Hi everyone, we need your help.
We are from Python Argentina, and we are working on adapting our
cdpedia project to make a DVD together with educ.ar and Wikimedia
Foundation, holding the entire Spanish Wikipedia that will be sent
soon to Argentinian schools.
Hernán and Diego are the two interns tasked with updating the data
that cdpedia uses to make the cd (it currently uses a static html dump
dated June 2008), but they are encountering some problems while trying
to make an up to date static html es-wikipedia dump.
I'm ccing this list of people, because I'm sure you've faced similar
issues when making your offline wikipedias, or because maybe you know
someone who can help us.
Following is an email from Hernán describing the problems he's found.
thanks!
--
alecu - Python Argentina
2010/4/30 Hernan Olivera <lholivera(a)gmail.com>:
Hi everybody,
I've been working on making an up to date static html dump for the
spanish wikipedia, to use as a basis for the DVD.

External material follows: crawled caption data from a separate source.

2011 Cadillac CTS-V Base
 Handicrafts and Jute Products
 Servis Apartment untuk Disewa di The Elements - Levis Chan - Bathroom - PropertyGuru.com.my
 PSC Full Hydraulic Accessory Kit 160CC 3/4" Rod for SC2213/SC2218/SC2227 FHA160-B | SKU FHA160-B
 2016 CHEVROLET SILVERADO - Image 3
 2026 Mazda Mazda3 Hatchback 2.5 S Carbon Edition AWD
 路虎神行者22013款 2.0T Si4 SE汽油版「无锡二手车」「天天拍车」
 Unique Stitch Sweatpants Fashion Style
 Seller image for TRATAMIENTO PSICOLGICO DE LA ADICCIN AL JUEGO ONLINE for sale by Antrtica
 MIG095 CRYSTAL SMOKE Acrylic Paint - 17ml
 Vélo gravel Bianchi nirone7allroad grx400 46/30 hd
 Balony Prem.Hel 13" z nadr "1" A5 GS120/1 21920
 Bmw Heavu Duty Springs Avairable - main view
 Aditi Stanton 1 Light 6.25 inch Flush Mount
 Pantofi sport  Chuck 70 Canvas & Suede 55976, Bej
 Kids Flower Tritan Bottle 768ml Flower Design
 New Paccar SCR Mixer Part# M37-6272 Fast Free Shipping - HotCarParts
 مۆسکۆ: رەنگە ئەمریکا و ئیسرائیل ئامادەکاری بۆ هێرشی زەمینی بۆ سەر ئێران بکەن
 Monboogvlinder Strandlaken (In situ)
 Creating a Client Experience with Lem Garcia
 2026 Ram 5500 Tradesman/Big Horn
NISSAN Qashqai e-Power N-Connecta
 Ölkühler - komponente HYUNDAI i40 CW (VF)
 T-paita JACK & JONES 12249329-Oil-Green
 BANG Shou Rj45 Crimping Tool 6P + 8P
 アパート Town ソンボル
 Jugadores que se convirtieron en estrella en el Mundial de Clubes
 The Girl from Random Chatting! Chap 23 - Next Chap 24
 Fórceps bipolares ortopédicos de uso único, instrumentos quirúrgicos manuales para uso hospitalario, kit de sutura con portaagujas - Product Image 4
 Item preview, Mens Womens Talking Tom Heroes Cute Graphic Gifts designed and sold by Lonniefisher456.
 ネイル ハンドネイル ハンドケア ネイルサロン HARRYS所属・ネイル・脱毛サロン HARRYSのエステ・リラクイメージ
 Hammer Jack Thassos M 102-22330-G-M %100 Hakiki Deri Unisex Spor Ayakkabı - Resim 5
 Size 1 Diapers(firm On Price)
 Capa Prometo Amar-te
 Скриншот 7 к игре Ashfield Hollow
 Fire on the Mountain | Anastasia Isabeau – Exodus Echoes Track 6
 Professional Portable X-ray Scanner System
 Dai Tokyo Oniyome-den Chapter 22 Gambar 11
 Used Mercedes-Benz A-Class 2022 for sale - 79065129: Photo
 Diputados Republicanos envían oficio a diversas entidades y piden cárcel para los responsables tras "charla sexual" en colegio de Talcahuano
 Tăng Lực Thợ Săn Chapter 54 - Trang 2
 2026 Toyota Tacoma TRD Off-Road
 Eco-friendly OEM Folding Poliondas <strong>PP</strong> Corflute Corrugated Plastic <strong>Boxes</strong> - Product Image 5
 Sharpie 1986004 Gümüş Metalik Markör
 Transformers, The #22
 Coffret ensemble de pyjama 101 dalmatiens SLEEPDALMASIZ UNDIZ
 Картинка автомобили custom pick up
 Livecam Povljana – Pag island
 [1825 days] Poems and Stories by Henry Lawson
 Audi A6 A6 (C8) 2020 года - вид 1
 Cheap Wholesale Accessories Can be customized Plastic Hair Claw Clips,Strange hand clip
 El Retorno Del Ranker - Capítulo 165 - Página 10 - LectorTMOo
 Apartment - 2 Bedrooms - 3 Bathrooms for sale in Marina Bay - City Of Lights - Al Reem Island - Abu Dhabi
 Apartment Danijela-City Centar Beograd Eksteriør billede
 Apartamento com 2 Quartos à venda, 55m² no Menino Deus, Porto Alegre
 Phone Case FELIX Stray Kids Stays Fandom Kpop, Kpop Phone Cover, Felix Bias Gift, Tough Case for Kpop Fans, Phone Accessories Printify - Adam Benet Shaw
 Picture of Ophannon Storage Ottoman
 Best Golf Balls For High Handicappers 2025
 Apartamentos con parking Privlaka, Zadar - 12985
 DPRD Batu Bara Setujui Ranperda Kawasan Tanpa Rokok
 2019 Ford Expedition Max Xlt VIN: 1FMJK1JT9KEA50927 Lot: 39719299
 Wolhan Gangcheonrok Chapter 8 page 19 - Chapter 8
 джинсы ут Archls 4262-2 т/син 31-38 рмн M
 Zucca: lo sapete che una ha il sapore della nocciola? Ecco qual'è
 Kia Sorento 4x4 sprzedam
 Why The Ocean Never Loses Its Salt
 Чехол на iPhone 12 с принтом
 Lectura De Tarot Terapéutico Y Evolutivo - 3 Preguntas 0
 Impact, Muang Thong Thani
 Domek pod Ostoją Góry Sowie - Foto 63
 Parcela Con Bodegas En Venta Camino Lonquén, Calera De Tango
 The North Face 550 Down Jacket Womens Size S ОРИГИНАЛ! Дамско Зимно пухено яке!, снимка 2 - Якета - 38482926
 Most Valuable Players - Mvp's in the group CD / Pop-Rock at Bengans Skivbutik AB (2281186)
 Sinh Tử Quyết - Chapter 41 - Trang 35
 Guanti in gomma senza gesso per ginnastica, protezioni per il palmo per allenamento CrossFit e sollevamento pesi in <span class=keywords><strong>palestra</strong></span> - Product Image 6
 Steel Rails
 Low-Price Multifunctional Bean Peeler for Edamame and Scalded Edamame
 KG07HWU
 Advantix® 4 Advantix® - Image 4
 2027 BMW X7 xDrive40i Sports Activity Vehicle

I've followed the procedures detailed in the pages below, that were
used to generate the current (and out of date) static html dumps:
1) installing and setting up a mediawiki instance
2) importing the xml from [6] with mwdumper
3) exporting the static html with mediawiki's tool
The procedure finishes without throwing any errors, but the xml import
produces malformed html pages that have visible wikimarkup.
We would really need to have a successful import from the spanish xmls
to a mediawiki instance so we can produce the up to date static html
dump.
Links to the info I used:
[0] http://www.mediawiki.org/wiki/Manual:Installation_guide/es
[1] http://www.mediawiki.org/wiki/Manual:Running_MediaWiki_on_Ubuntu
[2] http://en.wikipedia.org/wiki/Wikipedia_database
[3] http://www.mediawiki.org/wiki/Manual:Importing_XML_dumps
[4] http://meta.wikimedia.org/wiki/Importing_a_Wikipedia_database_dump_into_Med…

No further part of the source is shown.